Error Code: LCMVROPSYSTEM25001
Error Message: VMware Aria Operations initializing cluster failure. VMware Aria Operations cluster configurations failed.
The Aria Operations admin UI may show a status of "Failed" or remain stuck at "Waiting for Analytics."
In /storage/log/vcops/log/analytics/Analytics-<UUID>.log you can see the following errors indicating communication breakdowns between nodes:
Port 6061 (Locator) Error:
INFO [ajp-nio-127.0.0.1-8010-exec-4, Info] client.internal.AutoConnectionSourceImpl - locator /<Node-IP>:6061 is not running.
java.net.ConnectException: Connection refused (Connection refused)
Port 10008 (Internal Data Communication) Error:
WARN [Membership Messenger Sender Non-Blocking] com.vmware.gemfire.tcpmessenger.internal.ClientHandler.exceptionCaught - Asynchronous Messaging Client (local addy: /<Source-IP>:59268, remote addy: /<Destination-IP>:10008) got an I/O exception communicating with server: java.io.IOException: Connection reset by peerVMware Aria Operations 8.18.x
VMware Aria Suite Lifecycle 8.x
This issue is typically caused by environmental restrictions preventing the nodes from communicating or synchronizing correctly:
Network/Port Restrictions: Firewalls or network security groups are blocking internal communication ports between the nodes, resulting in "Connection refused" or connection timeouts in the logs.

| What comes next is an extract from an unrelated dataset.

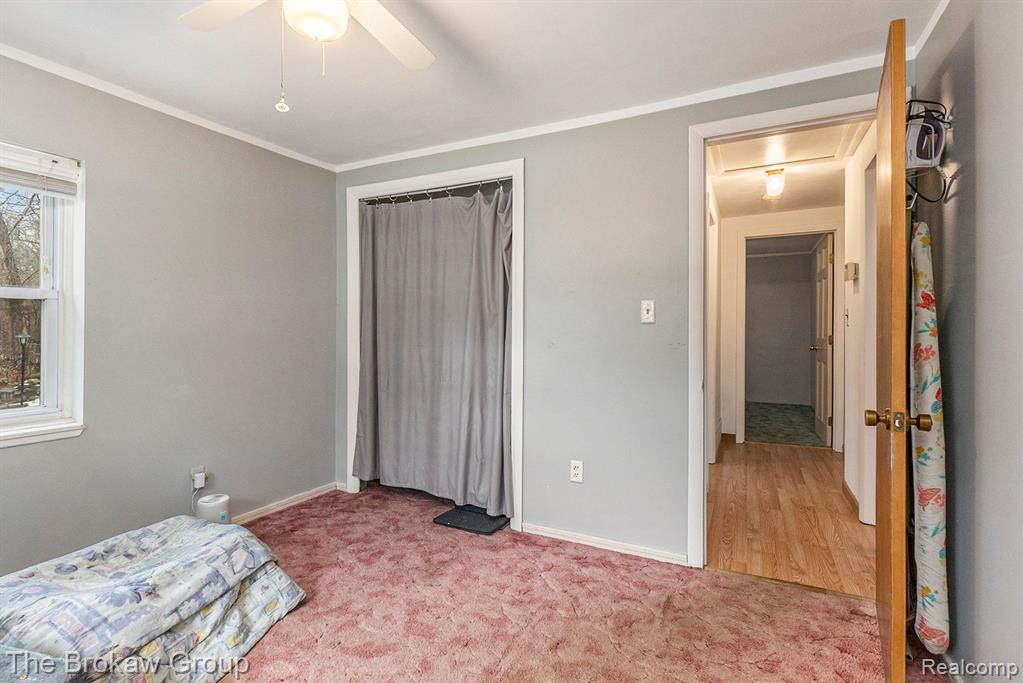 734 WOODLAND Avenue, Lake Orion, MI 48362 — Photo 14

Time Synchronization (NTP): A clock skew between nodes (typically >60 seconds) causes JWT (JSON Web Token) authentication failures. The logs will show VcopsJwtAuthenticationFilter errors indicating the token has expired or is not yet valid.
To resolve this issue, you must ensure that all nodes can communicate over the required ports and share a synchronized clock.
Step 1: Verify and Open Required Network Ports Ensure that your network allows unrestricted communication between all vROps nodes (Primary, Replica, and Data nodes).
Test specific connectivity from the node console using the curl command. For example:
curl -v <Target-Node-IP>:6061
curl -v <Target-Node-IP>:10008
Important: While ports 6061 and 10008 are critical for GemFire cluster membership, vROps requires a wider range of ports for full functionality. Please ensure your firewalls are configured according to the master port list found in: TCP and UDP ports required to access VMware vRealize Operations Manager.
Step 2: Correct NTP Synchronization
Verify that all deployed nodes (as well as the Aria Suite Lifecycle appliance) are configured to use the same, reachable NTP server.
Check the time on all nodes via the command line to ensure there is zero or near-zero clock skew.
Address any Receive timed out errors between the vROps appliances and the NTP server.
Once the network blockages are removed and the time is synchronized, retry the deployment or cluster expansion workflow from Aria Suite Lifecycle.